● INFORMATION SHOWN:

================

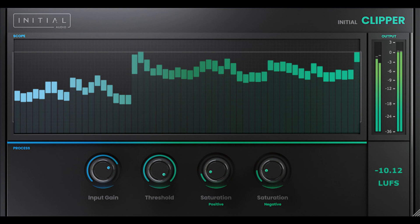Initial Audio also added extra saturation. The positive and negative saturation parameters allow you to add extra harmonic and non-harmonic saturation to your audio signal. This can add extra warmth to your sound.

================

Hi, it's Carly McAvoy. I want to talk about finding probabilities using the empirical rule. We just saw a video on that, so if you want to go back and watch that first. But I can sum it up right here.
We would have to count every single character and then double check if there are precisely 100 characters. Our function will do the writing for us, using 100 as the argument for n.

================

Give back, exactly as written, the stretch from the line with "Hi, it's Carly" through the line with "We would have", and no other lines from the records above.

Hi, it's Carly McAvoy. I want to talk about finding probabilities using the empirical rule. We just saw a video on that, so if you want to go back and watch that first. But I can sum it up right here.
We would have to count every single character and then double check if there are precisely 100 characters. Our function will do the writing for us, using 100 as the argument for n.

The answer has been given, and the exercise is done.